Sie führte ihren Kampf gegen die serbische politische Klasse, die das Land in den Abgrund führte. In einem Interview mit dem Magazin „Vreme“ sagte Perović: „Man kann niemanden, der anders denkt, als Feind bezeichnen! Darüber hinaus haben wir es aufgegeben, ernsthafte Kontroversen zu entwickeln, egal was passiert. Anstelle von Argumenten gibt es Diskreditierungen, Ad-hominem-Beleidigungen ... Warum? Wem dient es, dieses Gift auf Papier und Bildschirmen zu verbreiten? Warum müssen wir auf diese Weise abrechnen? Um Gottes willen, man kann die Würde eines Menschen nicht zerstören, nur weil man nicht seiner Meinung ist!"

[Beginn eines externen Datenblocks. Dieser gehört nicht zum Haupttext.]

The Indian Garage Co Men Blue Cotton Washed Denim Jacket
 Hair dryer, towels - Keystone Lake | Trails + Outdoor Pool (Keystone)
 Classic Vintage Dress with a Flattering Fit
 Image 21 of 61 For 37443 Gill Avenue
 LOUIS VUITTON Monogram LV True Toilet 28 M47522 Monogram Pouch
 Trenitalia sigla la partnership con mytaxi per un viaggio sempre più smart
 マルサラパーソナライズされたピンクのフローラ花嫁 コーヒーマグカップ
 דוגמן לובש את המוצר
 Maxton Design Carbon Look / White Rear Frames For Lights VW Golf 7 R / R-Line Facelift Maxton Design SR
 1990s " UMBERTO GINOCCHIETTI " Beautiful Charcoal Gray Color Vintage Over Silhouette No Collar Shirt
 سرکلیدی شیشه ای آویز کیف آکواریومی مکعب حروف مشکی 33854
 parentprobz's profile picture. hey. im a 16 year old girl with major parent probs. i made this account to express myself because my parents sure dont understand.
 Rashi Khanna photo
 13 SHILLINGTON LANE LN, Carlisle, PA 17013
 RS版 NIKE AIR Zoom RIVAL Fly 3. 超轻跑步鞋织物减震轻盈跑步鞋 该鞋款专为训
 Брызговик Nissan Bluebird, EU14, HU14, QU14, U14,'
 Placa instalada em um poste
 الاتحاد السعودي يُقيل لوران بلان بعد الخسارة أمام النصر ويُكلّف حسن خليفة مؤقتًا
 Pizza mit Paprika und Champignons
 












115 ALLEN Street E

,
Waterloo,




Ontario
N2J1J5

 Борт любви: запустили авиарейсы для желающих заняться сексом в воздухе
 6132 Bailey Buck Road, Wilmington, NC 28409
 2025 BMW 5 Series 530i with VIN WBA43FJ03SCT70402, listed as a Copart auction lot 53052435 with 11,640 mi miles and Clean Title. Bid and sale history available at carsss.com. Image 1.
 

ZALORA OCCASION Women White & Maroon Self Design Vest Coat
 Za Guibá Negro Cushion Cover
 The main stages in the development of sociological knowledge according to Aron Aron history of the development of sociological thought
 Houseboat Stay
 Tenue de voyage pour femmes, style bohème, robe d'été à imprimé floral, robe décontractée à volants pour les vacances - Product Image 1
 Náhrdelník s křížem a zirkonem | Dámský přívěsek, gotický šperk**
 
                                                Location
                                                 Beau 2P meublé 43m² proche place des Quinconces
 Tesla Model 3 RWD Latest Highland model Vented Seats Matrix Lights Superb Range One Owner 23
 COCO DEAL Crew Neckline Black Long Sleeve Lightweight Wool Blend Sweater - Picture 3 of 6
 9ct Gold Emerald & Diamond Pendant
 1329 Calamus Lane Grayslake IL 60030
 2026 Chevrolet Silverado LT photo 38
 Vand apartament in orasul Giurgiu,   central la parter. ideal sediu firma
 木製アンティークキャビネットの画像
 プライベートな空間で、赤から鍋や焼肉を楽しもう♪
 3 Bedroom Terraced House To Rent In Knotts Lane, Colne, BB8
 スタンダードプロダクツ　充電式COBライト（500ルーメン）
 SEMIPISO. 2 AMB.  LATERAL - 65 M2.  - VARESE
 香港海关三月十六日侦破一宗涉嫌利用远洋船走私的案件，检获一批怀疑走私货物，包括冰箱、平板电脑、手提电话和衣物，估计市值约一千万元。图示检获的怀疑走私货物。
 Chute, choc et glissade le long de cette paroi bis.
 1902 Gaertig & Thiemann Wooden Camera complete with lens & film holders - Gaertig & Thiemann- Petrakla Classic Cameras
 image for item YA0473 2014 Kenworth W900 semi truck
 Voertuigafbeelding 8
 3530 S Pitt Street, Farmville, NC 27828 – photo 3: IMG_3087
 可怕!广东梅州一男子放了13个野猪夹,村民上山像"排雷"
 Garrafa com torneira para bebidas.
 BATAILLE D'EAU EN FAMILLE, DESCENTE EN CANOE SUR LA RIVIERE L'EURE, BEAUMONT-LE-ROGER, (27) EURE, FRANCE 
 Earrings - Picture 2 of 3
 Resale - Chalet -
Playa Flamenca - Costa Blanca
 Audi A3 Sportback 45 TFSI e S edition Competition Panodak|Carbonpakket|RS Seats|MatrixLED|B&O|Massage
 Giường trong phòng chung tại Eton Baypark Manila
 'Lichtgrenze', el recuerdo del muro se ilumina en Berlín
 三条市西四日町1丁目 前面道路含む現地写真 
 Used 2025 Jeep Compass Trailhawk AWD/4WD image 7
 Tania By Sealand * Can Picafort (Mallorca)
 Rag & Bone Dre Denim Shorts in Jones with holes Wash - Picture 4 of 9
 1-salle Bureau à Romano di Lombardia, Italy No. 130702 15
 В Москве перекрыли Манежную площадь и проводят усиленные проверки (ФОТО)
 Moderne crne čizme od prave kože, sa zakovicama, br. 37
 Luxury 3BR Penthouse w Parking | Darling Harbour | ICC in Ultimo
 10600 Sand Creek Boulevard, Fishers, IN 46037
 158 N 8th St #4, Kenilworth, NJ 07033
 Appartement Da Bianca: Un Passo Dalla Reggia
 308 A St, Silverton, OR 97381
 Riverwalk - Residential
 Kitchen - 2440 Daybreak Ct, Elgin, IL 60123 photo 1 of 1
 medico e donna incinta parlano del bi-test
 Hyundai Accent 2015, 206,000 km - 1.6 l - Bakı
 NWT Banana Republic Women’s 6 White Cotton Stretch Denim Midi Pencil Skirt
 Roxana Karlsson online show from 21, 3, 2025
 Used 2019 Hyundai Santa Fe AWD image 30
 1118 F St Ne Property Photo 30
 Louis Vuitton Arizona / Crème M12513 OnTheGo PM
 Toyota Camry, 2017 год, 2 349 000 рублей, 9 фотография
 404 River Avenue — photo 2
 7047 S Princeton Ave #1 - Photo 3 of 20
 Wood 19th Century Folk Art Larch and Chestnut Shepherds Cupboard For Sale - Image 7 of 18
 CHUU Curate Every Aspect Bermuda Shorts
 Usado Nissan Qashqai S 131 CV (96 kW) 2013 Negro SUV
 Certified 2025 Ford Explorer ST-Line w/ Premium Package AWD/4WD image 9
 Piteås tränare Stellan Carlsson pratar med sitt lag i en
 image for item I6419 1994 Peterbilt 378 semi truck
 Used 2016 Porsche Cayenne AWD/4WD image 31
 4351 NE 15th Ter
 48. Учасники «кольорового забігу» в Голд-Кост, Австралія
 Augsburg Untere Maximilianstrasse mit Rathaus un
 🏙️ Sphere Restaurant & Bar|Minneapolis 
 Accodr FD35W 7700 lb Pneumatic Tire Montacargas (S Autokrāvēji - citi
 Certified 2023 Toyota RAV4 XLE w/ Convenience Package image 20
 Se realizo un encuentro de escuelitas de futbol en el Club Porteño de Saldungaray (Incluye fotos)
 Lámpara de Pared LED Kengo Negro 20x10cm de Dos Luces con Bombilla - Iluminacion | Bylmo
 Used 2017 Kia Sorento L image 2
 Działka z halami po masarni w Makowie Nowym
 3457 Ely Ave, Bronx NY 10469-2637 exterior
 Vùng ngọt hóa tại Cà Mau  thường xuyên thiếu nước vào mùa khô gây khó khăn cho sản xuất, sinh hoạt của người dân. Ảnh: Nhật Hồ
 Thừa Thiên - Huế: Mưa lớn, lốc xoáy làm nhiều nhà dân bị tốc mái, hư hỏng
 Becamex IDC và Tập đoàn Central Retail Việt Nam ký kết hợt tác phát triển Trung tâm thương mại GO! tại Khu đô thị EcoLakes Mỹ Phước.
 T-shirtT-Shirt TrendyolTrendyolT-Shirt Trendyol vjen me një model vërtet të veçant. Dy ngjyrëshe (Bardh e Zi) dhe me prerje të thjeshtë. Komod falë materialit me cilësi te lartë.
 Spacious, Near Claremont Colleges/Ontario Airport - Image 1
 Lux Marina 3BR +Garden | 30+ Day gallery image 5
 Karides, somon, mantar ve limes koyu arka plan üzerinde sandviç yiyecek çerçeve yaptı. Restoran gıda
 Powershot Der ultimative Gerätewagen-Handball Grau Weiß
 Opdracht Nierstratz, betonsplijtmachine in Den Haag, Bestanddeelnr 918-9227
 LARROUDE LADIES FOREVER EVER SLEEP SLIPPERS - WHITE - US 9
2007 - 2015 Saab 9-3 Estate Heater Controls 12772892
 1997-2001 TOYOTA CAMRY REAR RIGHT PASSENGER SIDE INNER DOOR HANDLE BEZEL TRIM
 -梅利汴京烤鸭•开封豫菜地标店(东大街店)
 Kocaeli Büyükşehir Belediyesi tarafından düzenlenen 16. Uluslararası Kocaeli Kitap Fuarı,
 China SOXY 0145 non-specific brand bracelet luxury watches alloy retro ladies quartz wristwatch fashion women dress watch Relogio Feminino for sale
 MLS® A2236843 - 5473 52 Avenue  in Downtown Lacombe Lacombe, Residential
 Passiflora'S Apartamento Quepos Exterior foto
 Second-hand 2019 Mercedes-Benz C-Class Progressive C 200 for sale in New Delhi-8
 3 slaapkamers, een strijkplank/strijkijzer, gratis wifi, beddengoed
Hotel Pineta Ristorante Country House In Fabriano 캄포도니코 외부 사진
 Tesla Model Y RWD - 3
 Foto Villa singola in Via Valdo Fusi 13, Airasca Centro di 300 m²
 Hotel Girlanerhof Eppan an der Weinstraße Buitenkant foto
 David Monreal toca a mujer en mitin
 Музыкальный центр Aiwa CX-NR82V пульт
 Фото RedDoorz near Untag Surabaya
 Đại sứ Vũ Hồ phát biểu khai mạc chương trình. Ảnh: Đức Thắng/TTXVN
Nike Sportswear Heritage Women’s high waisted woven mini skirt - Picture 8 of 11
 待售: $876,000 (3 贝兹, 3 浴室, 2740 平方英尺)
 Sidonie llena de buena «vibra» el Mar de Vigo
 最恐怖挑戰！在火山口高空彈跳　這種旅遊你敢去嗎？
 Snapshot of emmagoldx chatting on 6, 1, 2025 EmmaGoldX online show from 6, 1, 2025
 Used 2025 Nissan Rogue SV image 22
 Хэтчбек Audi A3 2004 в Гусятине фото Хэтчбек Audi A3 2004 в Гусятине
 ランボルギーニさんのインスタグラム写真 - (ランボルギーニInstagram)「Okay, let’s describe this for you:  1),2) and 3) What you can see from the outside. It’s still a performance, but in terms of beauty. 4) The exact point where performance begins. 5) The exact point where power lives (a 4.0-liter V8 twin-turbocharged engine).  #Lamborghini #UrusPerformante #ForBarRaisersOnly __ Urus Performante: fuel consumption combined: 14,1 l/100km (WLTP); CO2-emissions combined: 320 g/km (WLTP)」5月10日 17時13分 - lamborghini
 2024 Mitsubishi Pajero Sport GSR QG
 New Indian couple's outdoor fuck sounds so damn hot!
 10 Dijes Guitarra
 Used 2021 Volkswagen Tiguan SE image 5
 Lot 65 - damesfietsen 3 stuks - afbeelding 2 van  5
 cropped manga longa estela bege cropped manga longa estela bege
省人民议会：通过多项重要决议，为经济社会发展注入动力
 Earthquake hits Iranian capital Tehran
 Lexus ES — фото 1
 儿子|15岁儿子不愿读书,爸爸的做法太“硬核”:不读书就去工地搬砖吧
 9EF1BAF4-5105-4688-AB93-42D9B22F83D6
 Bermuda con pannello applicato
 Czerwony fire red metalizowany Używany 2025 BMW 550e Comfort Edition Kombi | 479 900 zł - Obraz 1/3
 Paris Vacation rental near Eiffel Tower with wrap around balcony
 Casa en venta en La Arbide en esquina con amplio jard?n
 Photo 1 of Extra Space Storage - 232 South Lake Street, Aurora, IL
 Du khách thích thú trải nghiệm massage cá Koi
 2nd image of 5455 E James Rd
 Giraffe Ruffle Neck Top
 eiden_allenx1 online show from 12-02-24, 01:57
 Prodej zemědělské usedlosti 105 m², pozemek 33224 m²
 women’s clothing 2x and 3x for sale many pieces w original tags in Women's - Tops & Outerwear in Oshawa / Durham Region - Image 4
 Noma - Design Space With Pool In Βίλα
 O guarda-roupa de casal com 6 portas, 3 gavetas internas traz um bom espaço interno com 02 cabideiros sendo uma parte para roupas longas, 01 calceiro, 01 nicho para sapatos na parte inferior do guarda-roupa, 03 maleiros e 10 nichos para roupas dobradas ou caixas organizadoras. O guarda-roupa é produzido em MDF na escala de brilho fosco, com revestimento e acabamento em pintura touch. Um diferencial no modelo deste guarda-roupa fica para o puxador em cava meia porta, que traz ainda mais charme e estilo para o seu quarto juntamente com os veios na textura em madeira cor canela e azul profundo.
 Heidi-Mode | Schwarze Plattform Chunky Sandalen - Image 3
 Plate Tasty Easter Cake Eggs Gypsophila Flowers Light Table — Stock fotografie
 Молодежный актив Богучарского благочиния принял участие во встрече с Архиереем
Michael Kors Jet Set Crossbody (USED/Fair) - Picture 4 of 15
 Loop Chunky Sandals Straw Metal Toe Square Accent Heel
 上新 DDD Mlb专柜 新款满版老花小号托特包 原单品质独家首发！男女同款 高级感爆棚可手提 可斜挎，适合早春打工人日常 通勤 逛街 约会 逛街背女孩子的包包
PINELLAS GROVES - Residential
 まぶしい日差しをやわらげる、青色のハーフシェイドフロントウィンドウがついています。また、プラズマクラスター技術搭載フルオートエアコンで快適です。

Anders als viele Serben kannte Latinka Peroviqi das Kosovo und seine Geschichte gut. Nicht nur von der Literatur, die sie gelesen hatte, sondern auch von ihren Besuchen im Kosovo seit den 60er Jahren. Sie kannte auch viele Persönlichkeiten aus dem Kosovo. Sie pflegte aufrichtige und vorurteilsfreie Freundschaften mit ihnen.
In einem der letzten Interviews im Juni dieses Jahres forderte er Serbien auf, den eingefrorenen Konflikt im Kosovo schnellstmöglich zu beenden. Denn ihrer Meinung nach kann Serbien wegen des Kosovo das Land nicht prosperieren. Die Serben, sagte sie, glauben, dass sich im Kosovo nichts geändert habe und dass die Situation dieselbe sei wie vor 30 oder 50 Jahren. "Es ist nicht dasselbe, es hat sich viel geändert."
Auf die Frage, was sie mit dem Kosovo machen würde, antwortete sie: „Solange ich politisch denke kann, denke ich, dass Serbien sich auf sich selbst konzentrieren sollte, auf wirtschaftliche Entwicklung, Bildung, auf die Verbesserung der Gesundheitskultur, auf Weltoffenheit. Es ist wichtig, dass Serbien normale Beziehungen zu seinen Nachbarn, einschließlich Kosovo, aufbaut. Deshalb sind Menschenrechte so wichtig."
Kosovo schuldet Latinka Perovic mehr als Respekt und Andenken. Ihre Arbeit verdient auch unter Albanern Aufmerksamkeit, gelesen und gepflegt zu werden. Sie reiht sich in eine Reihe serbischer Humanisten wie Dimitrije Tučević und Kosta Novaković ein, die vor mehr als einem Jahrhundert nicht nur die abscheulichen Verbrechen Serbiens an Albanern kritisierten, sondern sich auch für eine gute Nachbarschaft zwischen Serben und Albanern einsetzten. Auch Latinka Peroviq gehört zu dieser Tradition. Es ist nicht ausreichend, dass eine Straße in Prishtina oder Prizren ihren Namen trägt. Gerade in düsteren Zeiten erinnern uns Persönlichkeiten wie Latinka Peroviq daran, dass Hass auf dem Balkan keine dauerhafte Tagesnahrung von primitiven Politikern mit größenwahnsinnigen Ambitionen sein soll.